(Data extracted from a collection)
········

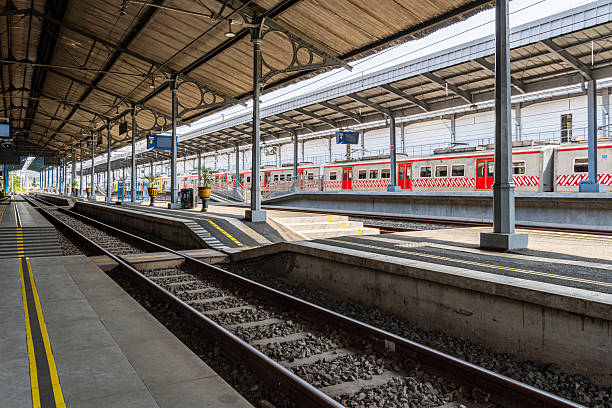 istock Modern Railway Station Platform with Red Commuter Train under Metal Roof 2246474702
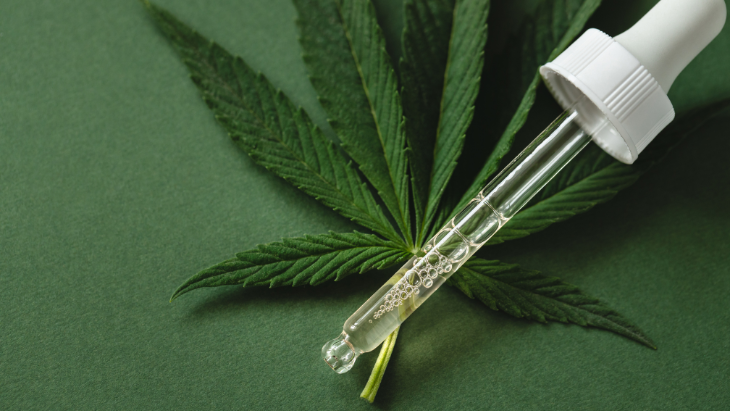 a dropper of cannabis oil with a cannabis leaf in the background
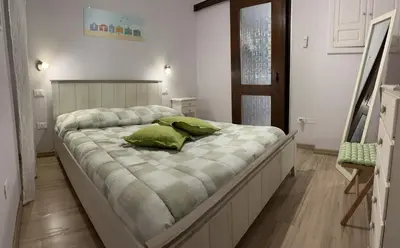 Letto o letti in una camera di Casa Victoria IUN Q5032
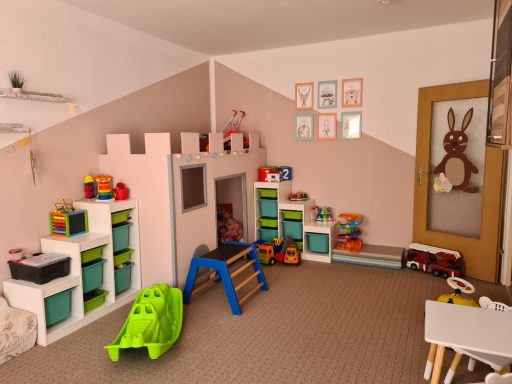 Spielzimmer mit Spielzeug, Klettergerüst und einem Spielhaus in sanften Farben.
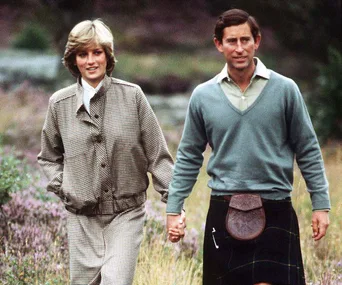 A couple smiling and holding hands while walking outdoors, with greenery in the background.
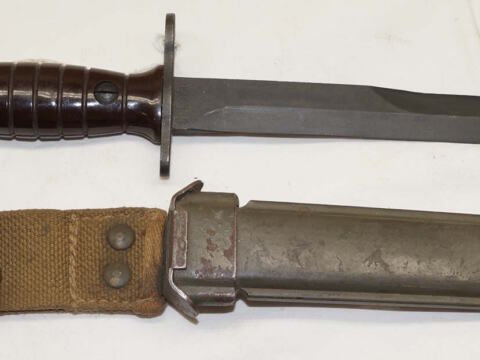 Italian produced M4 bayonet with PLASTIC scabbard and grips.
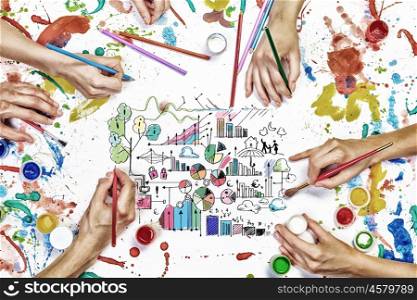 Team creative work. Top view of people hand drawing business creative concept with paints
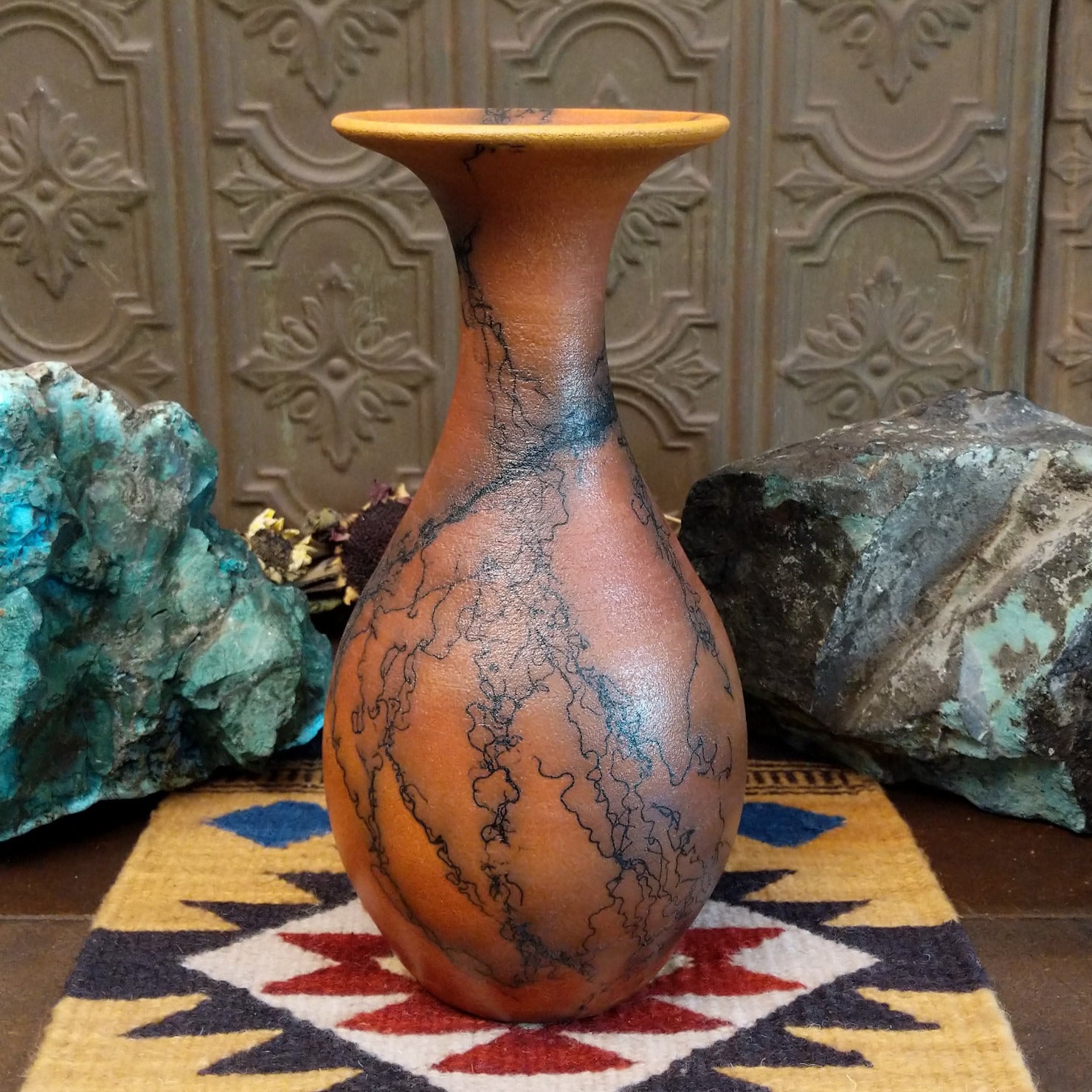Flared terracotta horsehair vase handcrafted by local artisan Jim Calhoun, featuring a wide flared rim, earthy clay tones, and organic black horsehair fire patterns on the surface.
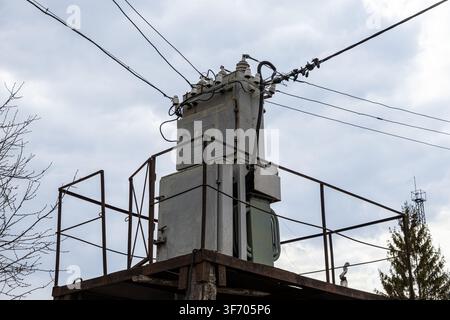 Metal power transformer unit stands on an elevated outdoor structure connected to overhead power lines, illustrating energy supply, electrical enginee Stock Photo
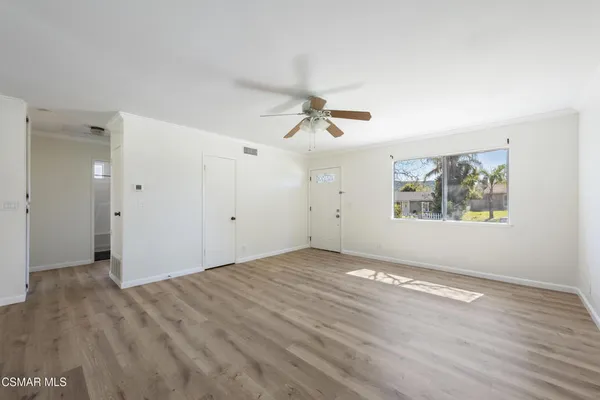 a view of an empty room with a window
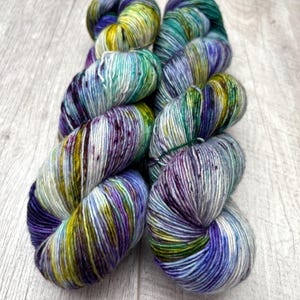 May include: Two skeins of hand-dyed yarn in a vibrant array of colors. The yarn features a blend of blues, greens, purples, and yellows, creating a speckled effect. The yarn is arranged on a light-colored wooden surface.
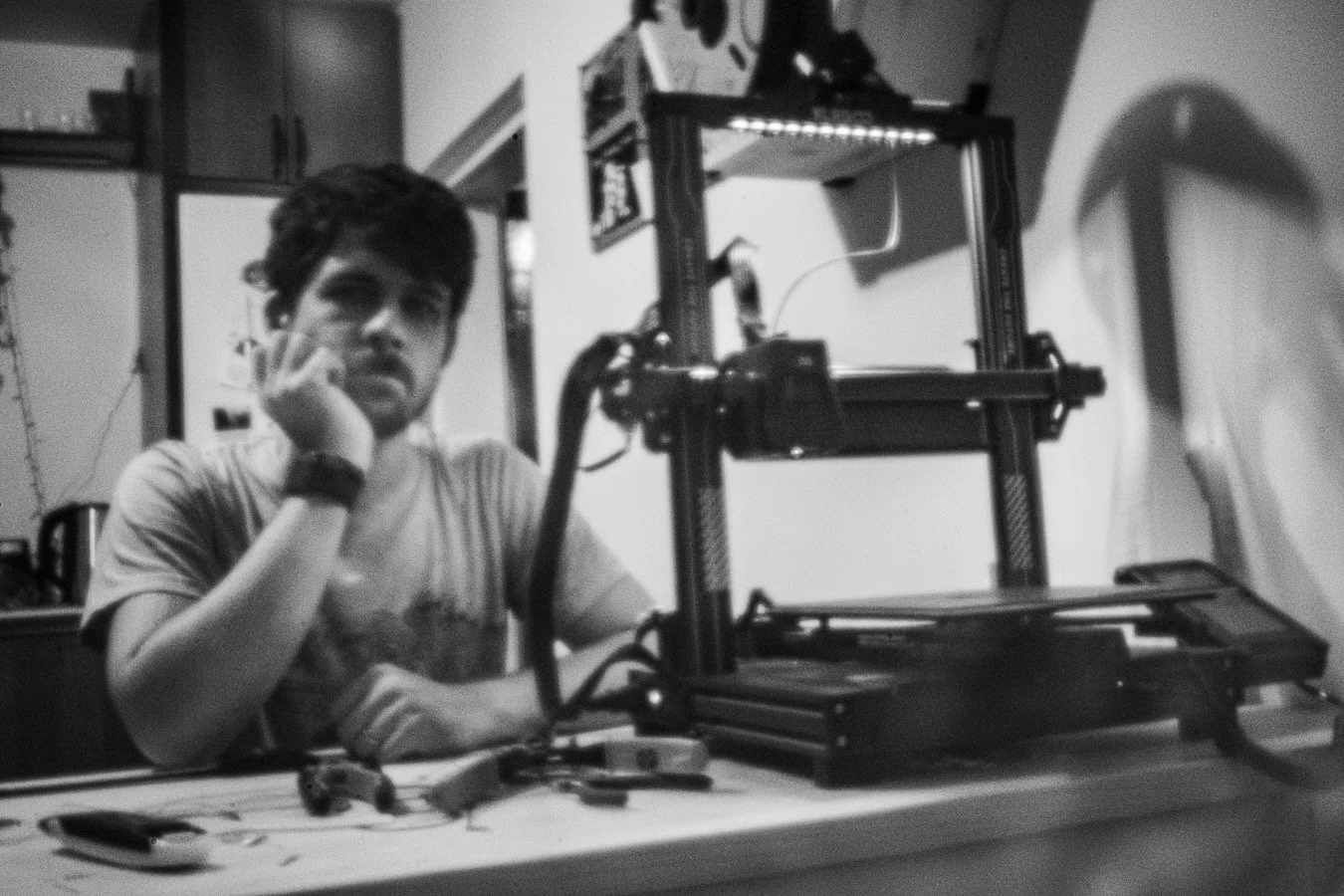 A Luka with dark hair sits at a table with his chin resting on his hand, next to a 3D printer. The room features cabinets in the background and various tools and objects on the table. The image has a dull worn look as it's taken by a pinhole lens.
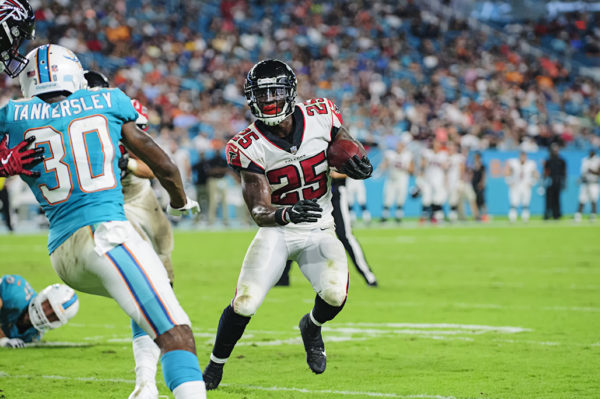 Falcons RB, #25 Brian Hill, looks to run outside to avoid be tackled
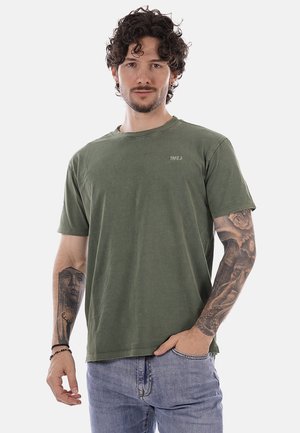 Uomo con capelli ricci che indossa una maglietta verde "TAKE A" e jeans azzurri chiari, che mostra tatuaggi dettagliati su entrambi gli avambracci su sfondo bianco.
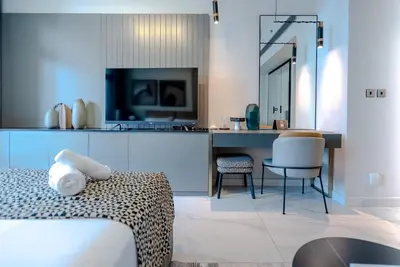 a hotel room with a bed and a table and chairs at TRPS - MAG 318, Business Bay - Spacious Studio, Furnished, Close to Dubai Mall in Dubai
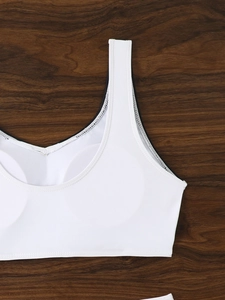 Detail of white sports bikini top with removable pads and wide straps on wood background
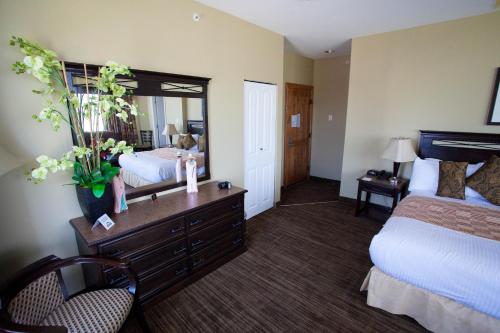a hotel room with a bed and a mirror at Days Inn by Wyndham Surrey in Surrey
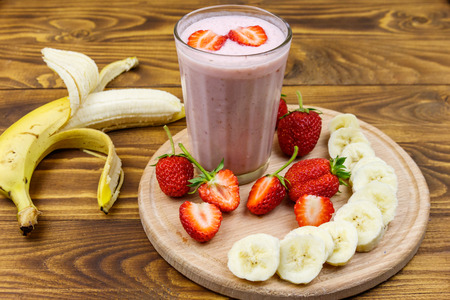 Glass of fresh smoothie of strawberry and banana on a wooden tableの写真素材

········

Aim of the exercise
Using the entries above, reproduce word for word only the lines from the one that contains "Team creative work." to the one that contains "a hotel room with a bed and a mirror", both ends included, and drop every picture.

Your response
 Team creative work. Top view of people hand drawing business creative concept with paints
Flared terracotta horsehair vase handcrafted by local artisan Jim Calhoun, featuring a wide flared rim, earthy clay tones, and organic black horsehair fire patterns on the surface.
 Metal power transformer unit stands on an elevated outdoor structure connected to overhead power lines, illustrating energy supply, electrical enginee Stock Photo
 a view of an empty room with a window
 May include: Two skeins of hand-dyed yarn in a vibrant array of colors. The yarn features a blend of blues, greens, purples, and yellows, creating a speckled effect. The yarn is arranged on a light-colored wooden surface.
 A Luka with dark hair sits at a table with his chin resting on his hand, next to a 3D printer. The room features cabinets in the background and various tools and objects on the table. The image has a dull worn look as it's taken by a pinhole lens.
 Falcons RB, #25 Brian Hill, looks to run outside to avoid be tackled
 Uomo con capelli ricci che indossa una maglietta verde "TAKE A" e jeans azzurri chiari, che mostra tatuaggi dettagliati su entrambi gli avambracci su sfondo bianco.
 a hotel room with a bed and a table and chairs at TRPS - MAG 318, Business Bay - Spacious Studio, Furnished, Close to Dubai Mall in Dubai
 Detail of white sports bikini top with removable pads and wide straps on wood background
a hotel room with a bed and a mirror at Days Inn by Wyndham Surrey in Surrey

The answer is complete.